The moves were important beyond their relatively modest size. Following the dramatic, dovish U-turn in monetary policy signals earlier this year, markets are now positioned not just for a patient Fed but one that will cut rates later in 2019 — based less on a significant growth slowdown than the persistence of low inflation. This notion has been solidified in the market’s forecast of an “insurance cut” by the Fed, one meant to lower the risk of price deflation, boost growth and provide liquidity support for asset prices.
By indicating that “transitory”, rather than persistent, factors explained the recent fall in inflation, Powell cast doubt on this conviction. And with market positioning quite extended after an impressive 18 per cent gain in the S&P 500 in the last four months — the strongest start to the year since 1987 — even a single inadvertent word can impact asset prices.
Perhaps the Fed, fearing an asset bubble and financial instability down the road, was looking to take some steam out of red-hot stock markets, as well encourage an adjustment to very low bond yields and a still quite flat yield curve. Personally, I doubt it.
After all the excitement of the last few months and political attacks on its independence, I’m betting the Fed was hoping to make no waves with its meeting and statements.
The fact that it ended up moving markets suggests that the Fed needs to develop a better understanding of market technicals — or what some call a “feel” for the markets. Without that, an important part of its policy arsenal — that is, policy guidance which ensures that markets do some, if not all of the heavy lifting, will become less effective.

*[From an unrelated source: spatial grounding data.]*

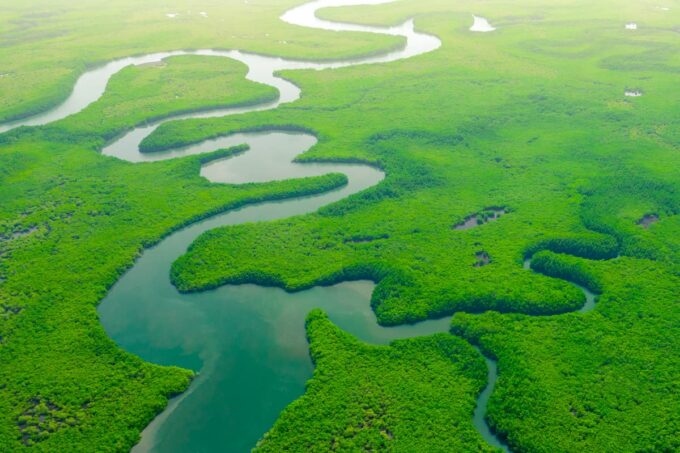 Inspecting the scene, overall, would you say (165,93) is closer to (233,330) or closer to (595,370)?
(233,330)

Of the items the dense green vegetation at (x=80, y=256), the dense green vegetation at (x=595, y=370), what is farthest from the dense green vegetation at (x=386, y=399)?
the dense green vegetation at (x=80, y=256)

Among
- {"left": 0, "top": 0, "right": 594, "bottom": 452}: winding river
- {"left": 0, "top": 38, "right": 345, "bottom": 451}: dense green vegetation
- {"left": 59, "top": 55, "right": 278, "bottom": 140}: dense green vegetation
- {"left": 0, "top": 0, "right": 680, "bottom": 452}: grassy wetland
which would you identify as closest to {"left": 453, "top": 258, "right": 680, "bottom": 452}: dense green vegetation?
{"left": 0, "top": 0, "right": 680, "bottom": 452}: grassy wetland

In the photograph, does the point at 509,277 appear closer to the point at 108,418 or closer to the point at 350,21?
the point at 108,418

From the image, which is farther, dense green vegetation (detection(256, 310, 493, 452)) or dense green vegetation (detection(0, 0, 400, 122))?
dense green vegetation (detection(0, 0, 400, 122))

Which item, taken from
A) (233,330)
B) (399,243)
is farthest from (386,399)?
(399,243)

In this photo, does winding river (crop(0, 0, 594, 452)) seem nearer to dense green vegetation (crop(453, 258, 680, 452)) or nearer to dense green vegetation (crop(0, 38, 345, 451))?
dense green vegetation (crop(0, 38, 345, 451))

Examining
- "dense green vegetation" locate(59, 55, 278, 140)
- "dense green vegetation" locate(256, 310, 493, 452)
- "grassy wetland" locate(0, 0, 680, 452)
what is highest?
"dense green vegetation" locate(59, 55, 278, 140) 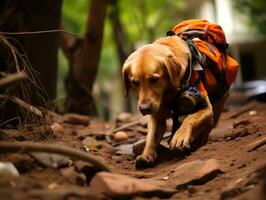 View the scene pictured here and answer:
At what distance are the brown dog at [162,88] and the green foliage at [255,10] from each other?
12.1 m

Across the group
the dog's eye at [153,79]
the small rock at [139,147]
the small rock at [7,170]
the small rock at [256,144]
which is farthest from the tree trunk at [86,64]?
the small rock at [7,170]

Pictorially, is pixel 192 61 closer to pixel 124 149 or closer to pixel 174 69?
pixel 174 69

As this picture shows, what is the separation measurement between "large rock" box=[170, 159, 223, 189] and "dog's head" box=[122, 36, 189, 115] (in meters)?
0.78

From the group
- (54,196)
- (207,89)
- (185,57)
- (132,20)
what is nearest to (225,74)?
(207,89)

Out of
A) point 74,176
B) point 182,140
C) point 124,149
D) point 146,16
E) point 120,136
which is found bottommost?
point 146,16

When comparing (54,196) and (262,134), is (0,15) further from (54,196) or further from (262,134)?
(54,196)

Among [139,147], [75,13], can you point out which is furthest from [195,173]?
[75,13]

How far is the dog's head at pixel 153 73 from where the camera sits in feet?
16.7

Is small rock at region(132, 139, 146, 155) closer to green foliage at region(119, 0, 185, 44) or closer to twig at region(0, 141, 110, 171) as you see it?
twig at region(0, 141, 110, 171)

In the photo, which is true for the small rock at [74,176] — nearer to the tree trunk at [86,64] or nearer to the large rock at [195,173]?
the large rock at [195,173]

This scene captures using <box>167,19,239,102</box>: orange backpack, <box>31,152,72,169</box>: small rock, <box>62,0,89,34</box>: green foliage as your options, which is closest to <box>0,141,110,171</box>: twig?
<box>31,152,72,169</box>: small rock

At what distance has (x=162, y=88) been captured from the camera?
5160 mm

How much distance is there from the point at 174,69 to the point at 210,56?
710 mm

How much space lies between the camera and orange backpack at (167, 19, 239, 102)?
18.7ft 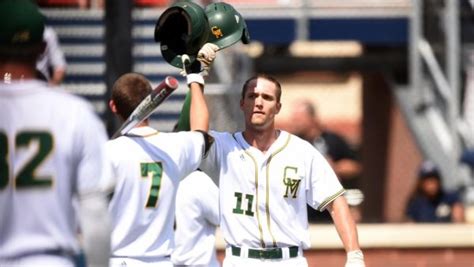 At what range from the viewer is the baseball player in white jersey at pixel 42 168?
6172mm

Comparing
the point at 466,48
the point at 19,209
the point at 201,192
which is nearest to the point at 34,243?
the point at 19,209

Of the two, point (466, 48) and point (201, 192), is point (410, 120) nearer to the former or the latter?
point (466, 48)

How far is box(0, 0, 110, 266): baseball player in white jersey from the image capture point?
6.17m

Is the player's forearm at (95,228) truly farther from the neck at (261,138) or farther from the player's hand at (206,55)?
the neck at (261,138)

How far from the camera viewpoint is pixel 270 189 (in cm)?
934

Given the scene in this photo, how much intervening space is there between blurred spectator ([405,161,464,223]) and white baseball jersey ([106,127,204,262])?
22.1 feet

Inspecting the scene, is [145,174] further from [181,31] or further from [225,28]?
[225,28]

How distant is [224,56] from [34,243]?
10878 mm

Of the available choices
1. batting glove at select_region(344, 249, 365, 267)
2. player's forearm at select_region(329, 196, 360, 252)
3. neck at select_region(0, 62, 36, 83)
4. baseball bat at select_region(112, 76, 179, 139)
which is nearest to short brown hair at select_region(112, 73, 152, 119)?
baseball bat at select_region(112, 76, 179, 139)

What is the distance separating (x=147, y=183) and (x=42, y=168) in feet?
7.80

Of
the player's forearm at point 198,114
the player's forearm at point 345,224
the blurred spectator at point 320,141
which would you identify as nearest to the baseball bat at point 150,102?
the player's forearm at point 198,114

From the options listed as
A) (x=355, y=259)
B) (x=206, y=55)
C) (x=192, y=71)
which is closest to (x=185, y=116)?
(x=192, y=71)

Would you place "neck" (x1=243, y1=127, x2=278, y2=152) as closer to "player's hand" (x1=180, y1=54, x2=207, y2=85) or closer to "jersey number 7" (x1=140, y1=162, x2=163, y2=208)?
"player's hand" (x1=180, y1=54, x2=207, y2=85)

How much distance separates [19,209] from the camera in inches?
243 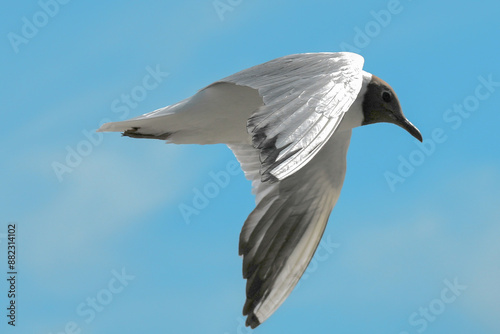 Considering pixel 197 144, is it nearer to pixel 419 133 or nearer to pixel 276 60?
pixel 276 60

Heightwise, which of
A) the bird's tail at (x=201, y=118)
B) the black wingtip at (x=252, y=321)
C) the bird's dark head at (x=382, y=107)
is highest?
the bird's tail at (x=201, y=118)

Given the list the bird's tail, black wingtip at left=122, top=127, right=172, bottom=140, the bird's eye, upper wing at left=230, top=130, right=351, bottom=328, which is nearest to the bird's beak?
the bird's eye

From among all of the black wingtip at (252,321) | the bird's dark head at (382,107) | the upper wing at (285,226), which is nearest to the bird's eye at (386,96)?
the bird's dark head at (382,107)

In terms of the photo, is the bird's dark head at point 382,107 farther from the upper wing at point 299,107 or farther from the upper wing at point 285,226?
the upper wing at point 299,107

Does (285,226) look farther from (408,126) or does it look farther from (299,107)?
(299,107)

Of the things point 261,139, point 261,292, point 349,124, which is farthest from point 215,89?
point 261,139

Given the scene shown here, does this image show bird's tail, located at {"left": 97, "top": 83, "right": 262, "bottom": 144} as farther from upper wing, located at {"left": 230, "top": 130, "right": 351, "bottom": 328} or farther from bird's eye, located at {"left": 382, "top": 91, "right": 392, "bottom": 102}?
bird's eye, located at {"left": 382, "top": 91, "right": 392, "bottom": 102}

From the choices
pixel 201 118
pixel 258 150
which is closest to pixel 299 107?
pixel 201 118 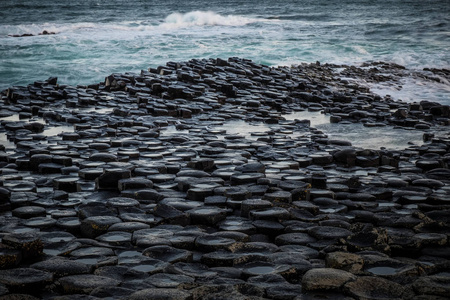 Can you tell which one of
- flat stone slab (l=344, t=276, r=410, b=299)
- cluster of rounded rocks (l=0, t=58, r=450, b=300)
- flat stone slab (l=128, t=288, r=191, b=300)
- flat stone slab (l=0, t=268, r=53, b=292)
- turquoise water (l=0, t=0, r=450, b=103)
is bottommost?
cluster of rounded rocks (l=0, t=58, r=450, b=300)

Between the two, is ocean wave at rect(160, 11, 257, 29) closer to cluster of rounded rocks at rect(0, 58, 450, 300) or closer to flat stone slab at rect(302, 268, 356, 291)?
cluster of rounded rocks at rect(0, 58, 450, 300)

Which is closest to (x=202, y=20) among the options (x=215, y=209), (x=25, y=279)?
(x=215, y=209)

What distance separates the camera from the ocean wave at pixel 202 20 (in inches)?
1341

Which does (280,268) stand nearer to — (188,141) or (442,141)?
(188,141)

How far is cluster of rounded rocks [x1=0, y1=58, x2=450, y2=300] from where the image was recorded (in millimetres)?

This need has only become more urgent. The Fed opted last year for a press conference at the conclusion of every FOMC meeting, thereby increasing the scope for communications mishaps and undue market volatility. The communication challenge will become even more complicated if you believe, as I do, that growth will continue to diverge among the advanced countries as the US out-performs and Europe struggles.
It’s highly likely now that Fed officials will make remarks in the next few weeks to clarify their intended policy signals and soothe market jumpiness. Each such episode only confirms the markets’ belief that a “Powell Put” will continue to prop up elevated asset prices and growing debt and leverage (just as they believed in a “Bernanke Put” and a “Yellen Put”).
With two slots open on the Board of the Federal Reserve and only one possible nominee in play (Stephen Moore), the administration still has a chance to add market expertise to the Fed board. To do so, the White House needs to focus on finding someone very familiar with the operation of markets, or at least someone open to listening to market participants.
While investors will likely put Wednesday’s tantrum behind them relatively quickly, the lesson holds. Absent a better understanding of market positioning and ruling narratives, the Fed risks undue volatility that could be costly to economic well-being, especially if the policy outlook does indeed get trickier later this year.